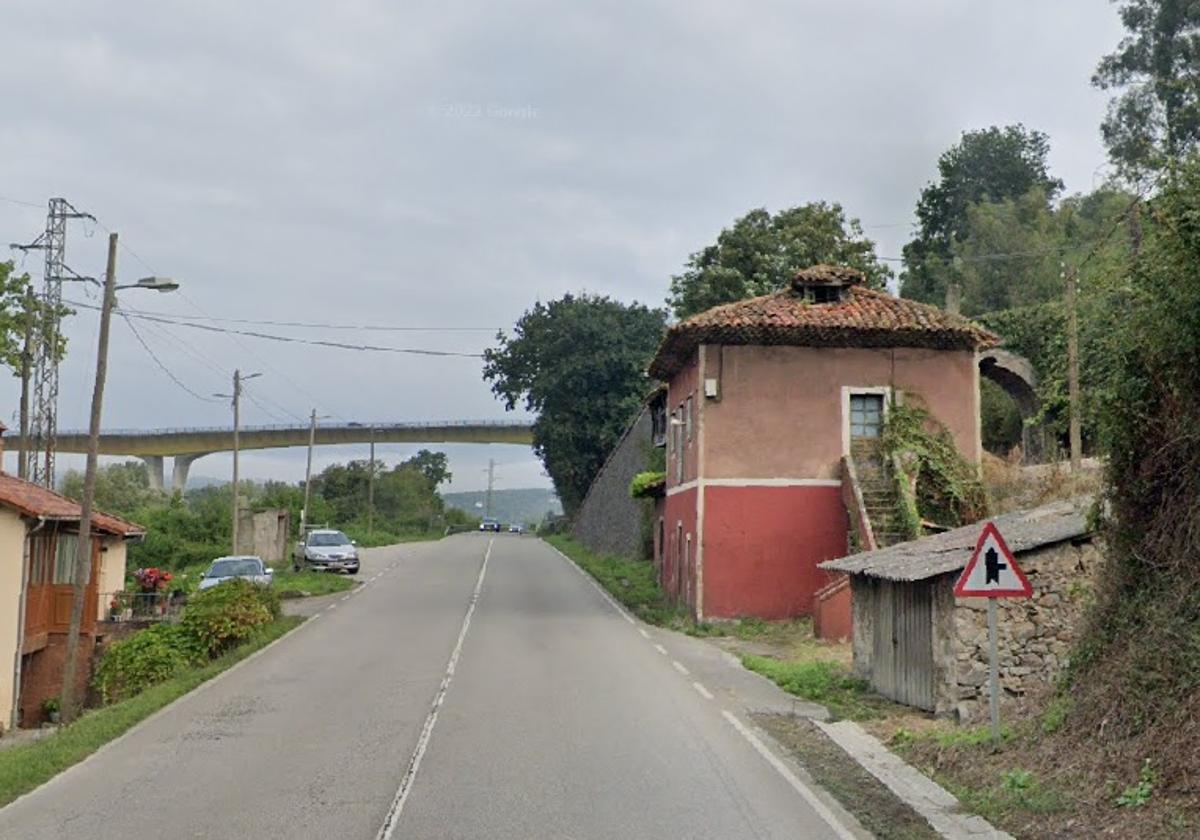 Fallece un motorista tras salirse de la vía y chocar con una casa en Soto del Barco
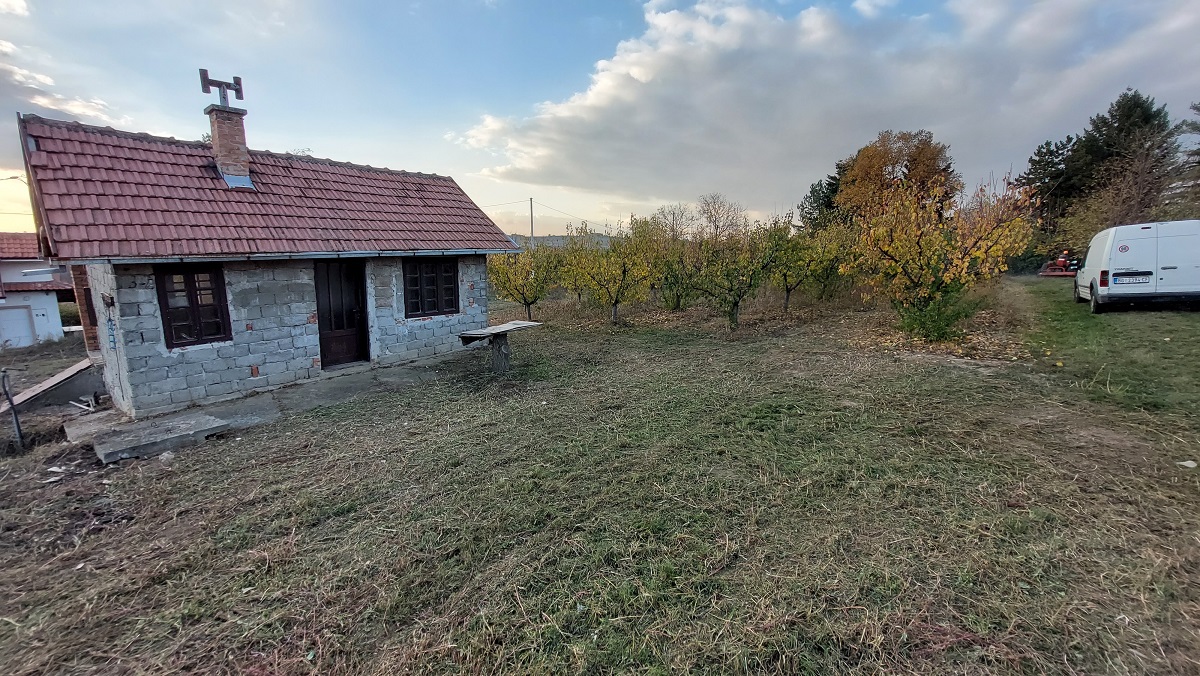 Vikendica  kucica 30m2  4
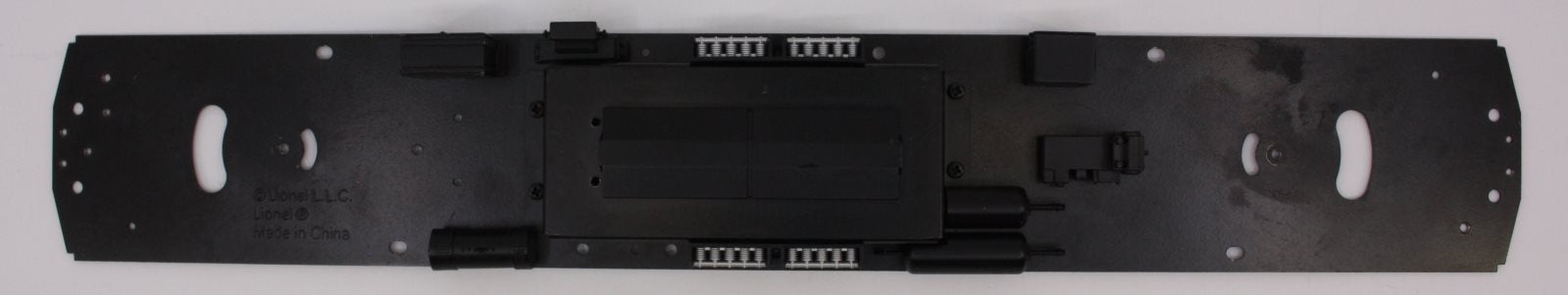 Lionel 35483-58 R-30 Non-Powered Frame with Underbody Detail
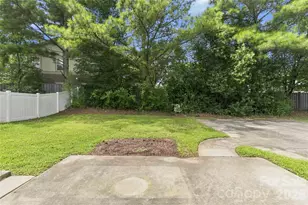 1520 Peaceful Way Dr, Charlotte, NC 28206 - Photo 28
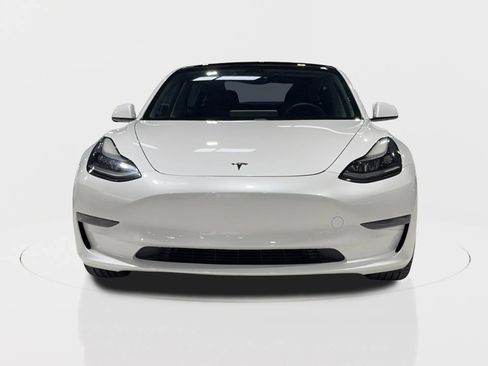 Used 2021 Tesla Model 3 Standard Range Plus image 5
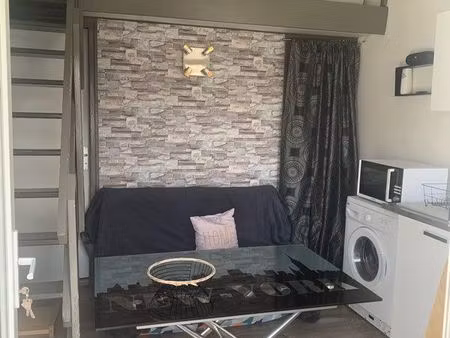 studio meublé proche centre ville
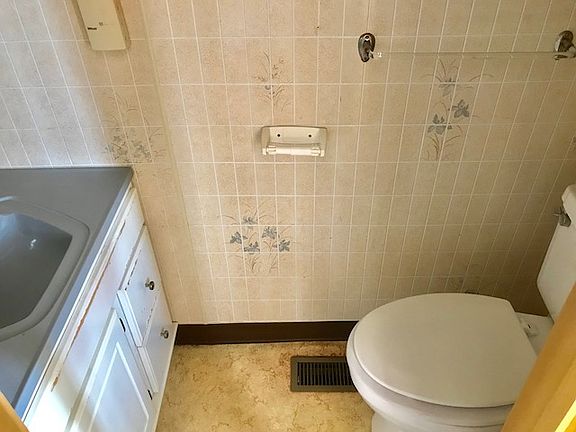 5th image of 808 N Lincoln Park Dr
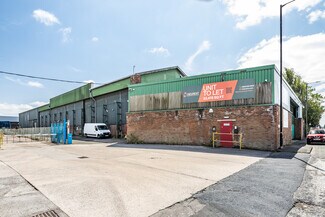 Plus de détails pour Z Warehouse, Mosley Rd, Manchester - Industriel/Logistique à louer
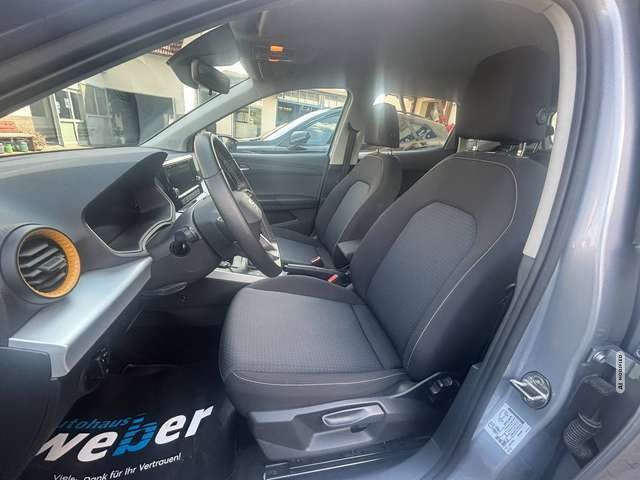 Seat Arona Style*DSG*LED*CARPLAY*SITZHEIZUNG*ALLWETTER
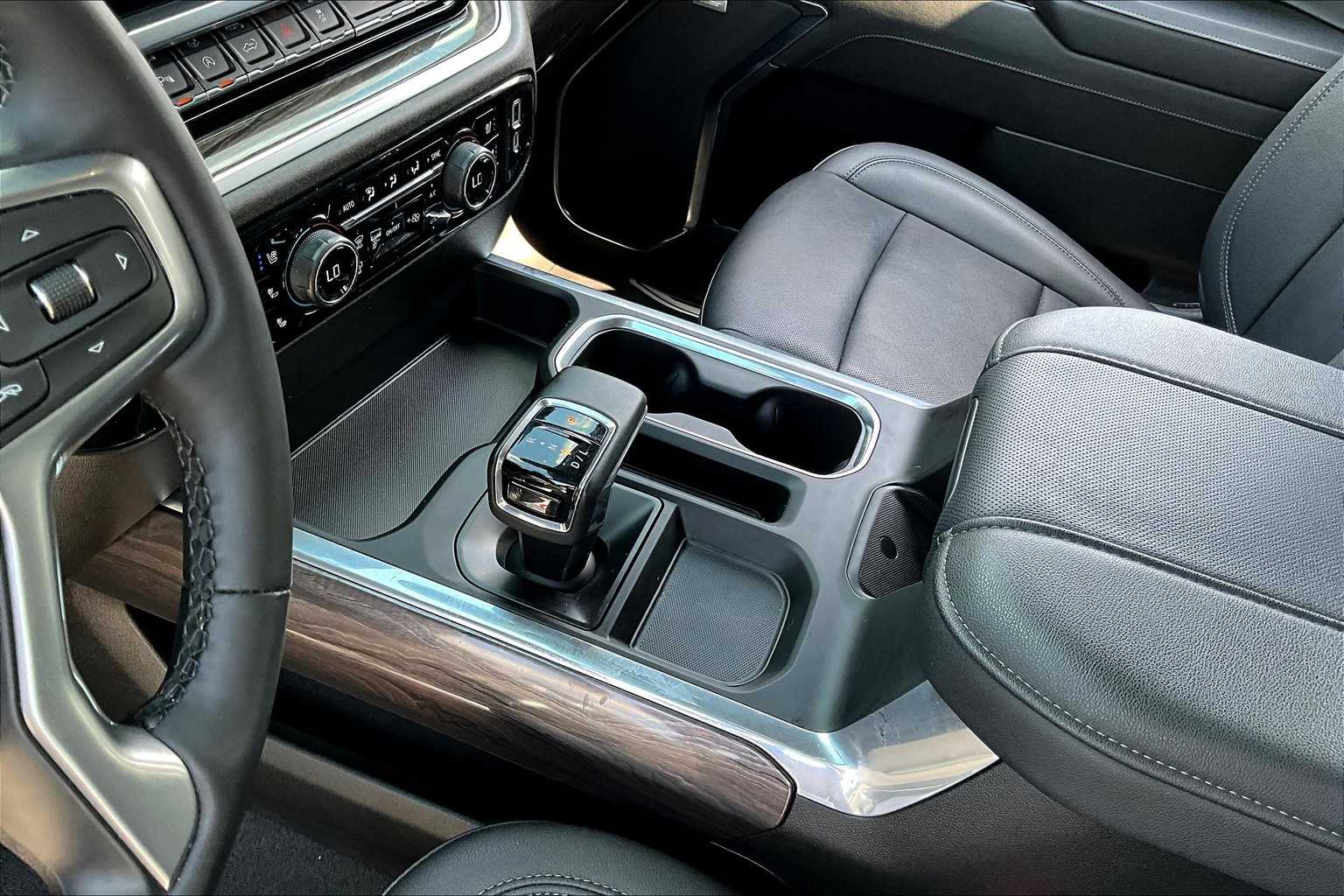 2024 Chevrolet Silverado 1500 LTZ photo 14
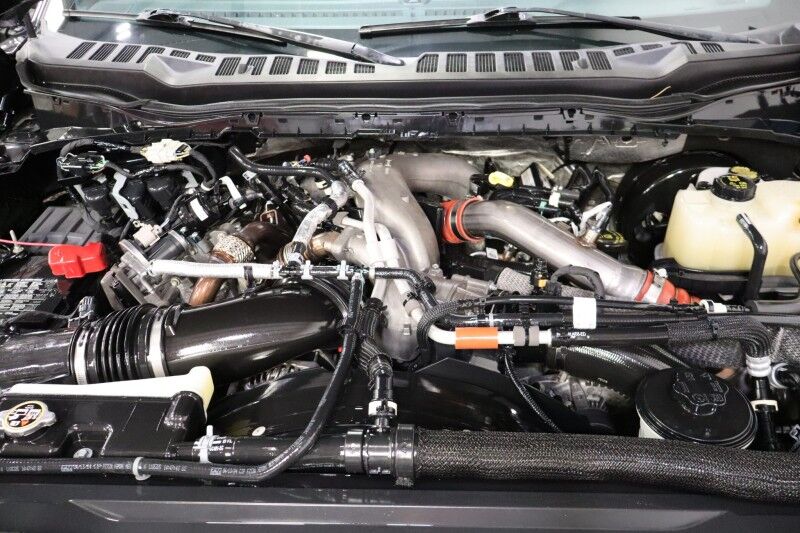 2024 Ford Super Duty F-250 Platinum 6.7L High Output Diesel GPS Sunroof 37in Tires Arlington TX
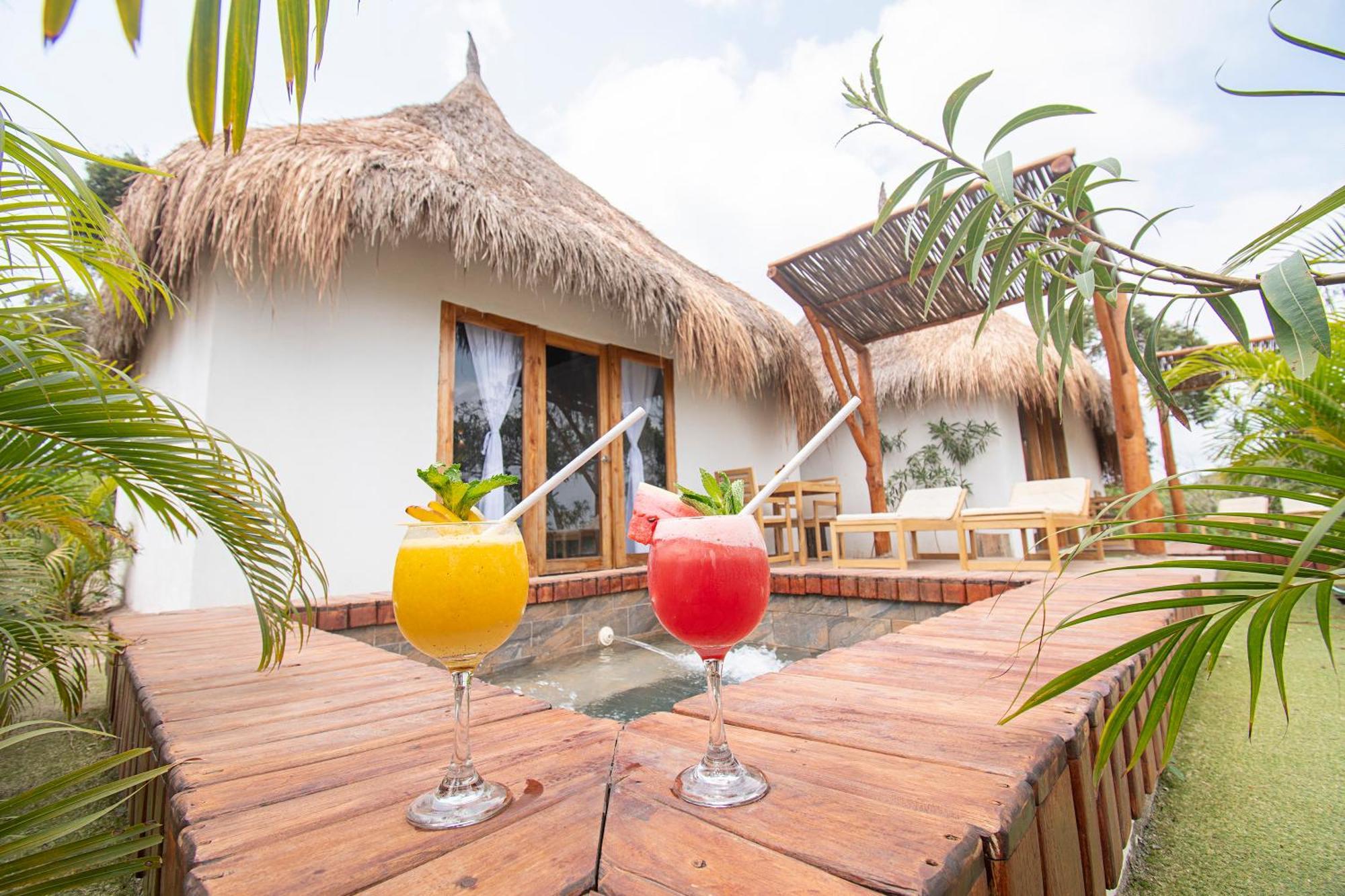 Amalife Beach Club & Hotel Tierra Bomba Esterno foto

***

Work instructions — From the first line to the last, restate the entries exactly, without pictures.

Exercise solution —
 Fallece un motorista tras salirse de la vía y chocar con una casa en Soto del Barco
 Vikendica  kucica 30m2  4
 Lionel 35483-58 R-30 Non-Powered Frame with Underbody Detail
 1520 Peaceful Way Dr, Charlotte, NC 28206 - Photo 28
 Used 2021 Tesla Model 3 Standard Range Plus image 5
 studio meublé proche centre ville
 5th image of 808 N Lincoln Park Dr
 Plus de détails pour Z Warehouse, Mosley Rd, Manchester - Industriel/Logistique à louer
 Seat Arona Style*DSG*LED*CARPLAY*SITZHEIZUNG*ALLWETTER
 2024 Chevrolet Silverado 1500 LTZ photo 14
 2024 Ford Super Duty F-250 Platinum 6.7L High Output Diesel GPS Sunroof 37in Tires Arlington TX
 Amalife Beach Club & Hotel Tierra Bomba Esterno foto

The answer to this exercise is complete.